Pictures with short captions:
>>>>

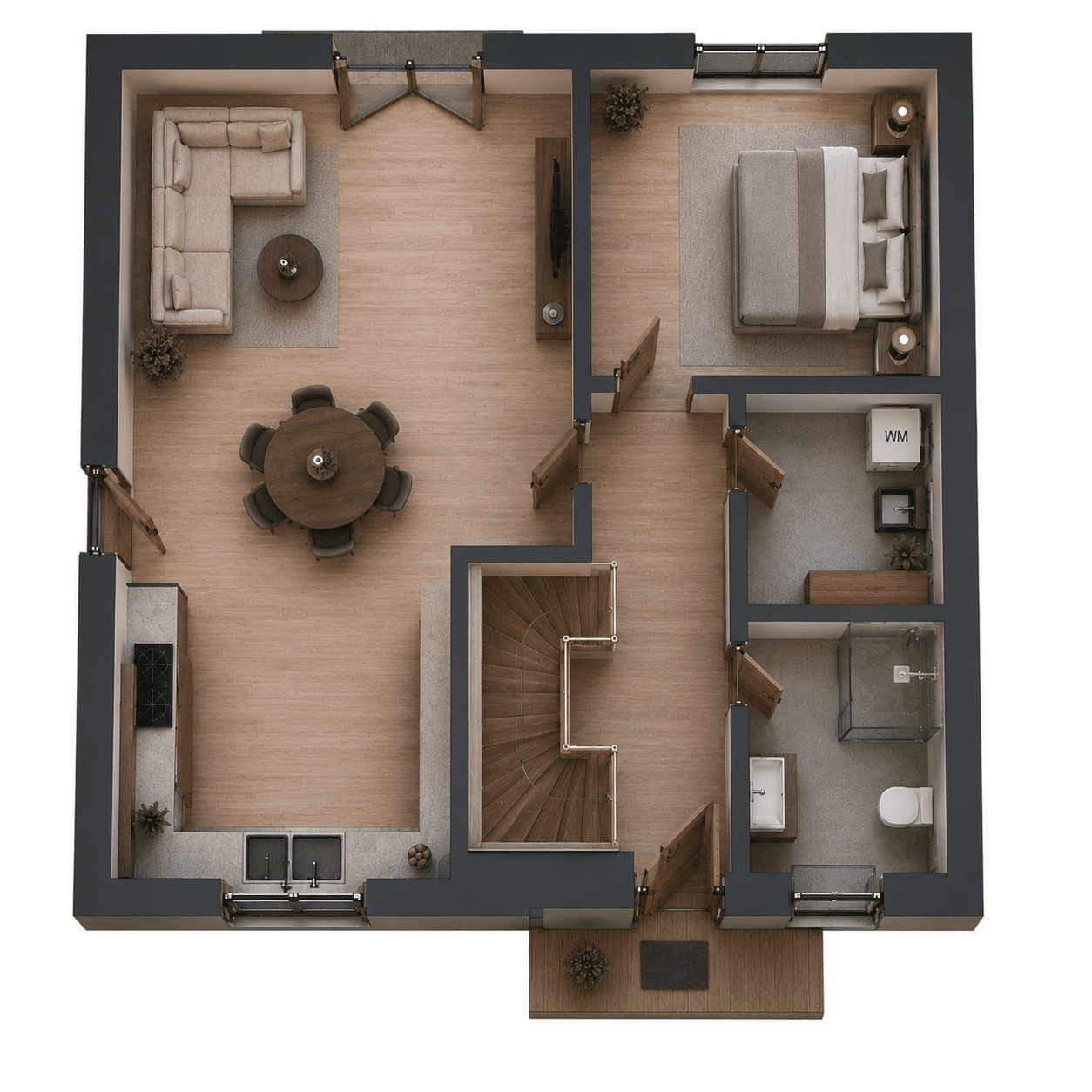 152 qm Stadtvilla am Cottbuser Ostsee | 5 Zimmer – Cottbus – Vorschaubild 6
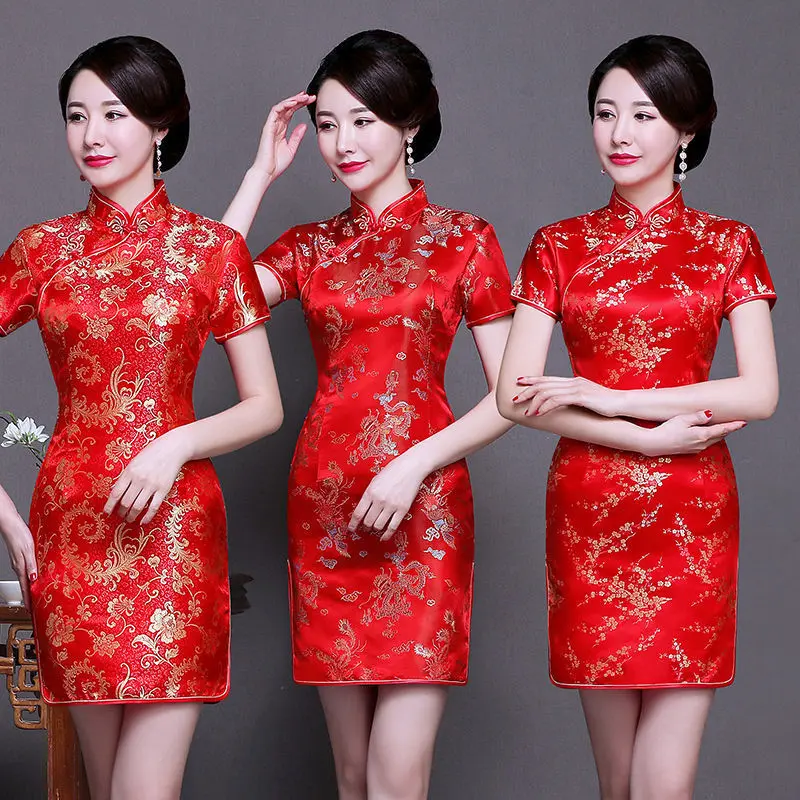 Sườn Xám Sửa Đổi, Dài, Phong Cách Trung Quốc Cổ Điển Cao Cấp Và Thanh Lịch, Ngoại Cỡ, Thích Hợp Biểu Diễn Và Nghi Thức, Váy Trình Diễn Thời Trang, 2024 Nữ Women 1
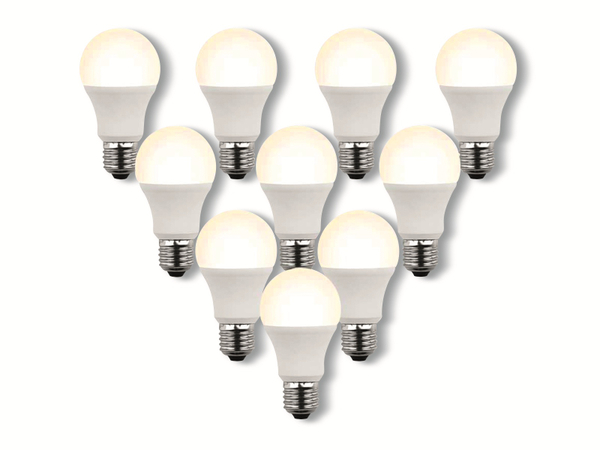 Blulaxa LED-Lampe 49234, A60, E27, EEK: F, 8 W, 810 lm, 2700 K, 10 Stück - Produktbild 2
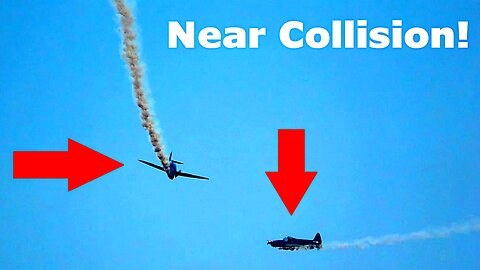 2 Spitfires Aircraft Near Collision With Added Sound Effects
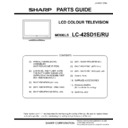 Sharp LC-42SD1E (serv.man9) Parts Guide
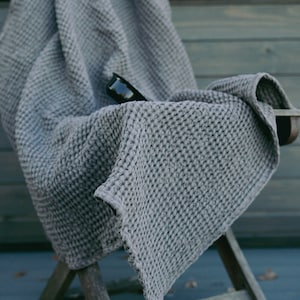 Linen Waffle Bath Towels, Natural waffle towels for Sauna, Gym, Organic Towel Hand, Face Set for Bath, Super Absorbent Ecofriendly Towels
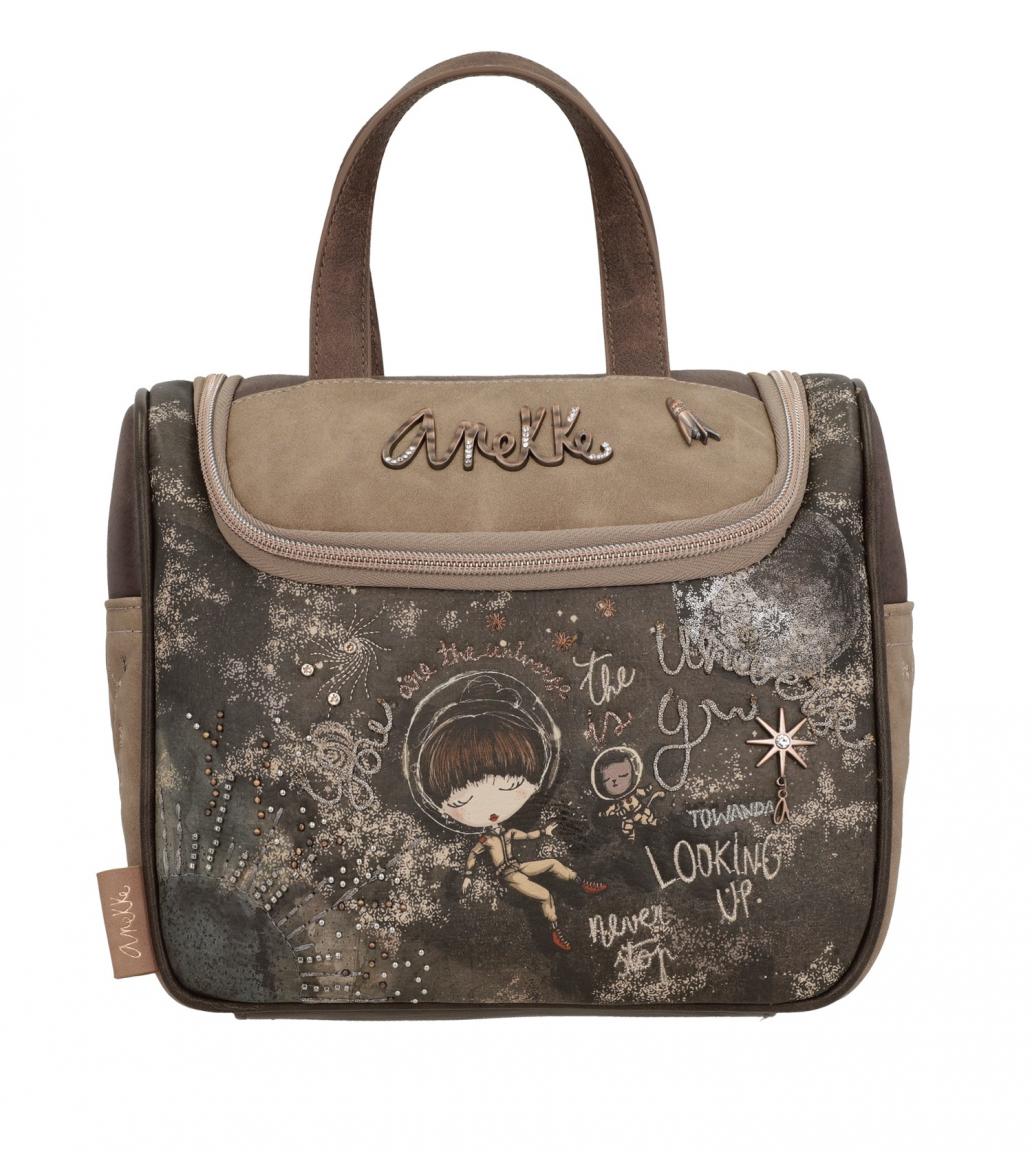 Anekke Kosmetiktasche Universe Space Stars & Planets Spiegel Haken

<<<<

EXERCISE PROMPT: All lines from the one with "Sharp LC-42SD1E (serv.man9) Parts Guide" through the end of the records above must be reproduced exactly, both ends included, and the pictures must be left out.

RESPONSE BOX:
 Sharp LC-42SD1E (serv.man9) Parts Guide
 Linen Waffle Bath Towels, Natural waffle towels for Sauna, Gym, Organic Towel Hand, Face Set for Bath, Super Absorbent Ecofriendly Towels
 Anekke Kosmetiktasche Universe Space Stars & Planets Spiegel Haken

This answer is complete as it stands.